# Looking up info like we could before



## manfromlamancha (Jul 4, 2013)

How can we find out what threads were created by a poster (as opposed to participated in) like we could before? When I right click on a members name and go to created discussions, it seems to list everything that the member has participated in.

Also how do I get alerts if I received likes or comments on my posts and also if I have received a PM ?


----------



## Blondilocks (Jul 4, 2013)

manfromlamancha said:


> How can we find out what threads were created by a poster (as opposed to participated in) like we could before? When I right click on a members name and go to created discussions, it seems to list everything that the member has participated in.
> 
> *Also how do I get alerts if I received likes or comments on my posts and also if I have received a PM ?*


Look at the top of the page and to the right. You'll see your icon. Click on it and select alerts for likes and quotes or conversations for pms. 

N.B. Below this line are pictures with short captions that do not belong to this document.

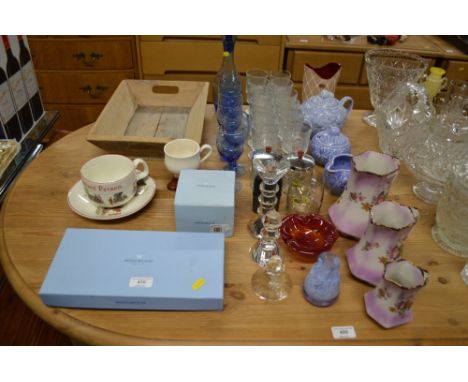 A wooden tray together with a quantity of various decorative glass and china; a blue glass decanter and a set of six drinking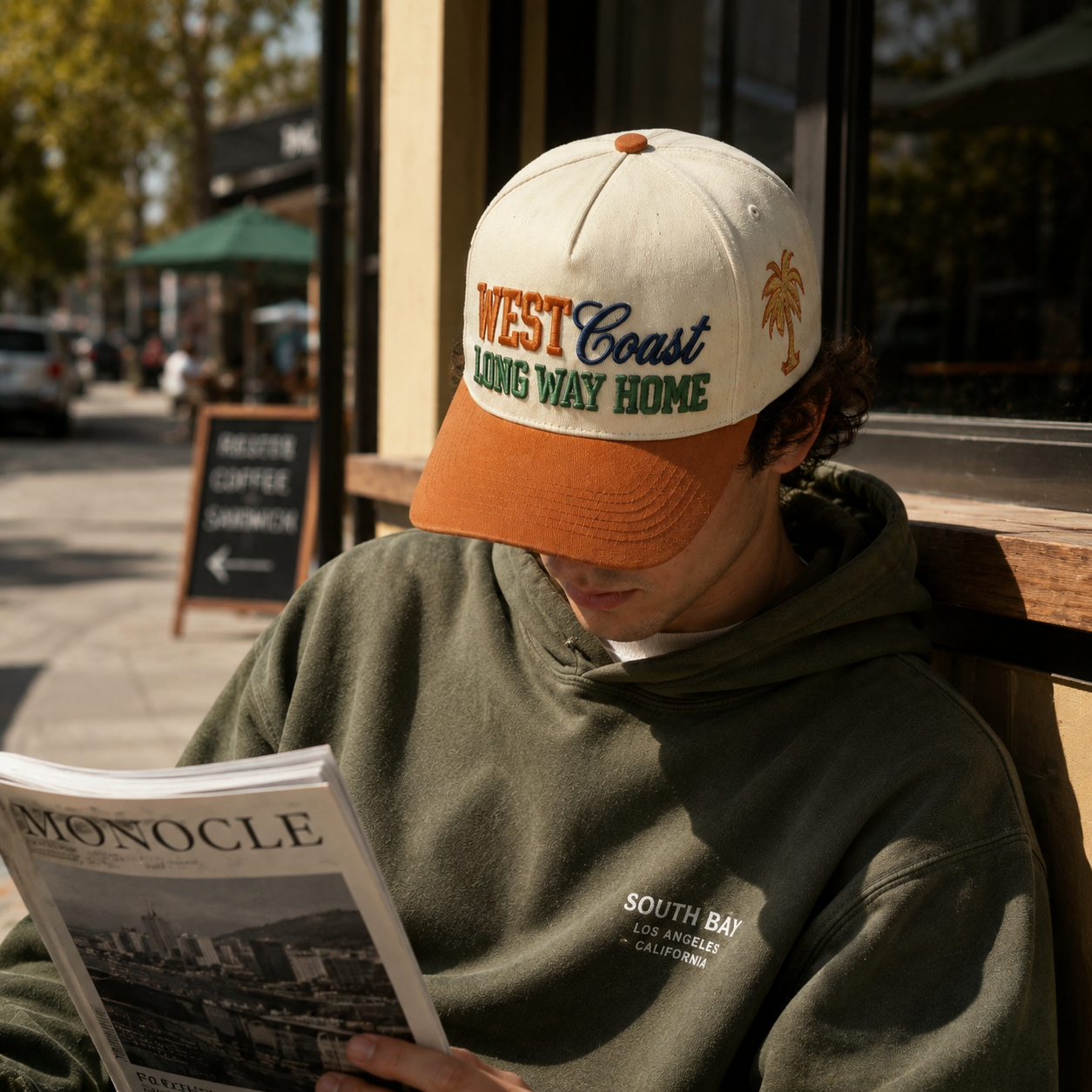 Cream and Rust Five-Panel Twill Cap with Multicolor Puff Slogan Embroidery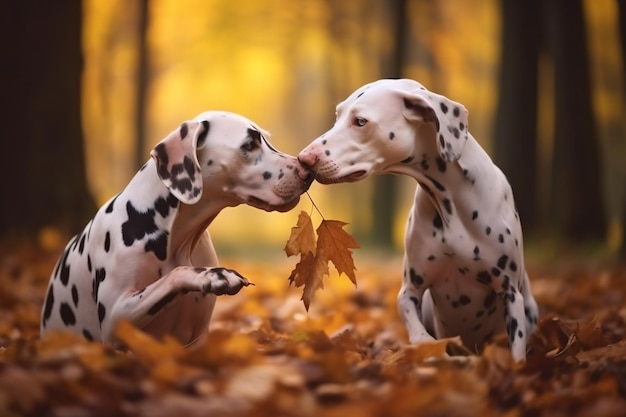 Twee Dalmatische honden spelen in de bladeren.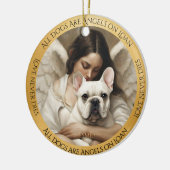 白いフランスのブルドッグの芸術愛が永遠に死ぬ記念 セラミックオーナメント (左)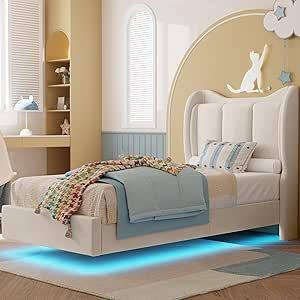 Platform Bed Frames, Twin Platform Bed Frame, Shaped Headboard, Floating Bed Frame, Cream Bedding, Twin Size Bed Frame, Led Bed Frame, Full Platform Bed, Bed Legs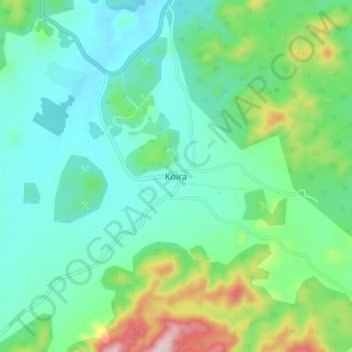 Topografische Karte Koira, Höhe, Relief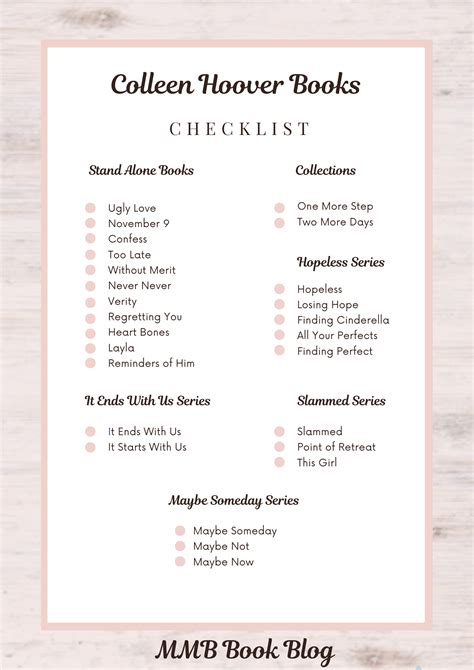 Colleen Hoover Book Checklist Printable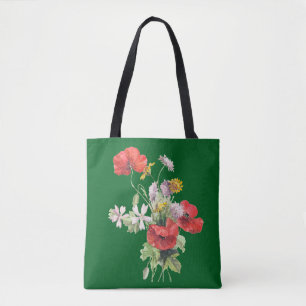 Bolsa Tote Buquê de Flores, Fundo Verde Caçador,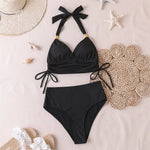S - XXL 2026 Ribbed Halter Mid Waist Bikini Female Swimsuit Women Swimwear Two-Pieces Bikini Set Bather Bathing Suit Swim V6447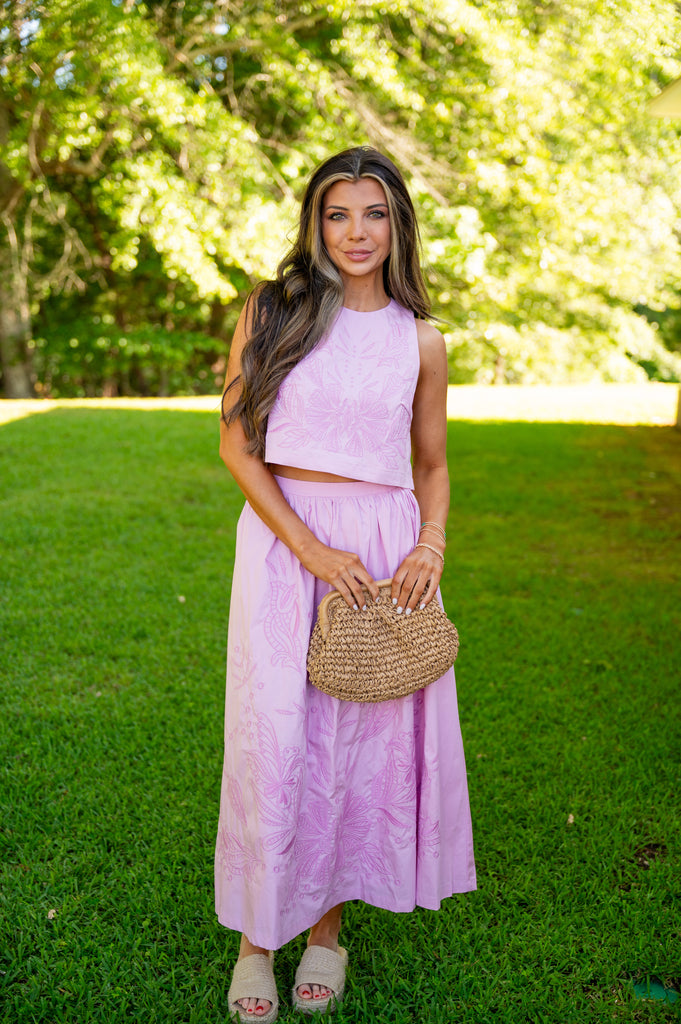 Willow Embroidery Skirt Set-Pink Lavender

No idea about your first question.


----------



## PieceOfSky (Apr 7, 2013)

For my profile, the number of “Discussions Created” matches the number of threads I recall creating over the years (just 4 threads). However, if one clicks that link they are shown a list containing all my posts or threads I participated in, apparently; including posts on others’s threads.

Seems like a bug in the website software. Certainly, I’d like that feature back, too.


----------



## Administrator (May 8, 2013)

PieceOfSky said:


> For my profile, the number of “Discussions Created” matches the number of threads I recall creating over the years (just 4 threads). However, if one clicks that link they are shown a list containing all my posts or threads I participated in, apparently; including posts on others’s threads.
> 
> Seems like a bug in the website software. Certainly, I’d like that feature back, too.


They are still working on our profiles, but in the meantime, you can find the threads you created using the "following" feature.

Click your avatar near the upper right-hand corner of the site and select following.








On the following page, click on My Discussions.








- Cricket


----------